Ok I have a Blue Brindle Pitbull or bully whatever you wanna call him after reading this. He is about to turn 9 months on the 28 of month and I’ve had him since he was 6 weeks old. He was one of the smallest in the litter. And when I took him home i started him out on Victor high pro plus. After feeding him that for a couple of months he was bigger than all his brothers and sisters, even the biggest male in the litter. He did good on it. He was a thick Lil pup. I’ll say when he hit about 9 or 10 weeks he started to slim up not get skinny. And has been that was since only now his muscle tone is starting to get more define. I’ve seen both his parents, his mom bloodline is Greyline, she’s a solid blue dog. She also has papers.

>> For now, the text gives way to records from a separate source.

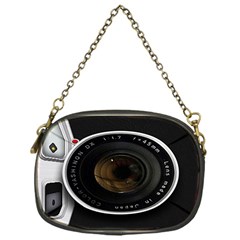 Vintage Camera Chain Purse (one Side) by Sudhe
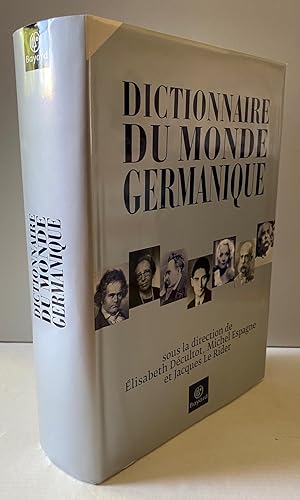 Dictionnaire du monde germanique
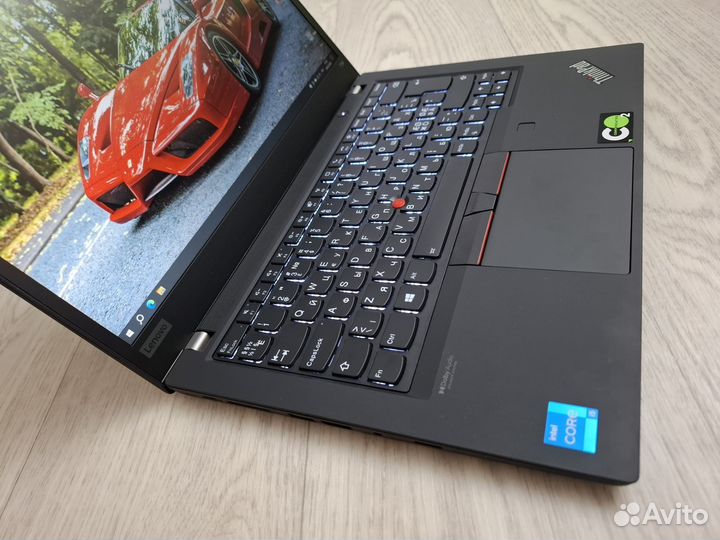 ThinkPad T14 G2 i5-1135G7 16GB LTE модем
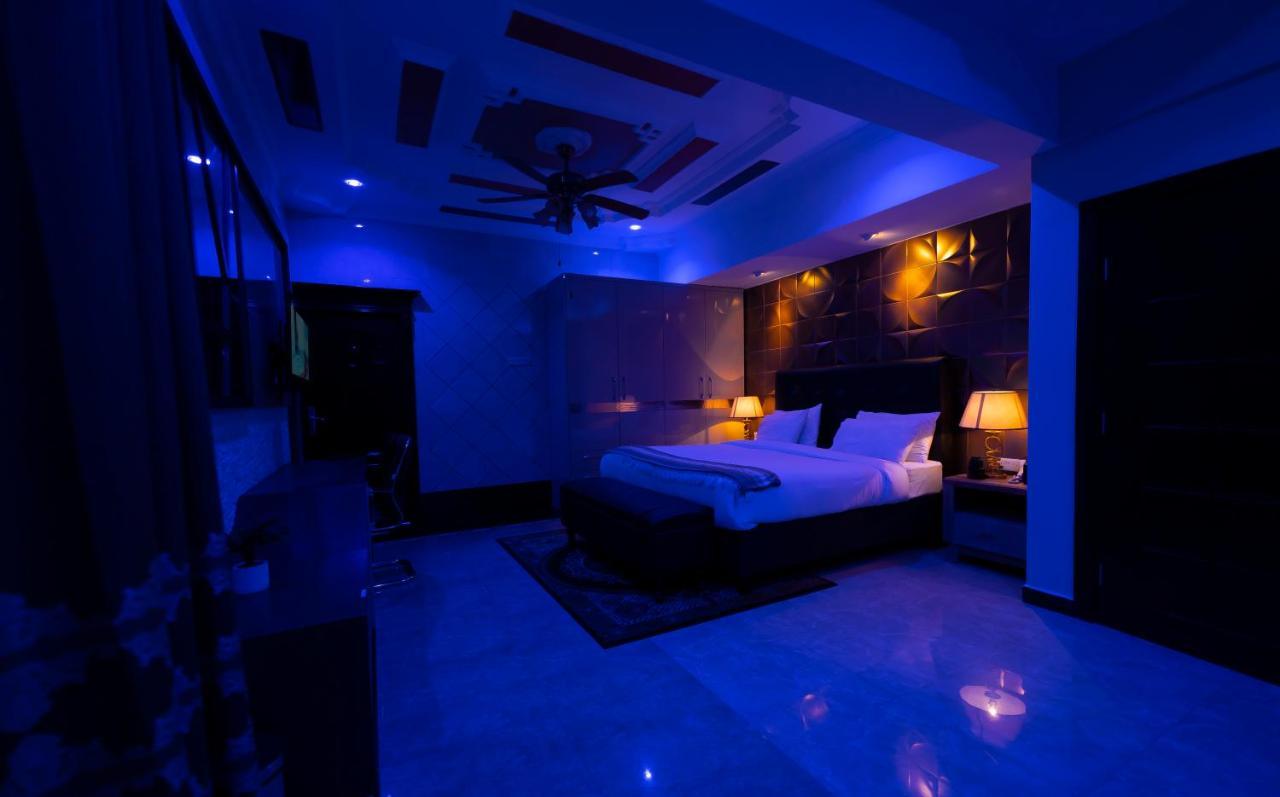 Lantana Hotel Dar es Salaam Buitenkant foto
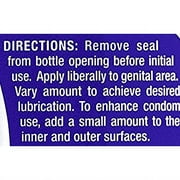 Astroglide Personal Lubricant - 5 oz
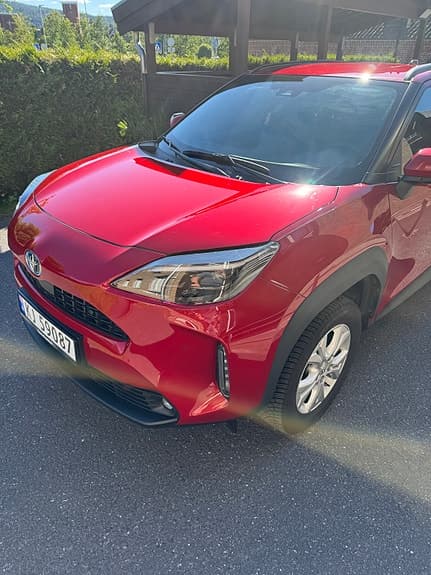 Toyota Yaris Cross 1,5 Hybrid Active Tech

His dad is a solid Brindle with a lil white on his chest. And his bloodline is razor edge, but he doesn’t have papers. I have pictures of both parents. But I don’t know why he built like an apbt. Any suggestions?


----------



## DynamicDuo (Sep 3, 2016)

Well both lines are AmBully lines but Bully's were created by outcrossing the APBT so it is entirely possibly to have a AmBully that is built more like an APBT. True APBT's are typically a lot smaller than people realize. They top out at about 60lbs while an AmBully is heavier and has a more stocky build. A picture would help as the avatar pic is hard to see. I'm going to assume that you meant 9 or 10 months not weeks.

~Jess


----------



## SincerelyVonte (Aug 7, 2017)

Oh ok well that’s nice to know. I’ve always grew up with the game breed apbt, the bullies are new to me. But no. I meant 9 to 10 weeks. And I’ll post some pics. The first three is his mom and dad. And other ones are him but I’ll post more. I reached the limit of pics


----------



## SincerelyVonte (Aug 7, 2017)

More pics, some are some are recent. You may be able to see the growth


----------



## SincerelyVonte (Aug 7, 2017)

Last set of pictures


----------



## SincerelyVonte (Aug 7, 2017)

I just took this one him


----------



## EckoMac (Aug 25, 2010)

If your dog isn't three years old, there is still room to grow. Most AmBullies don't "pop" until 18 months to 2 years.


----------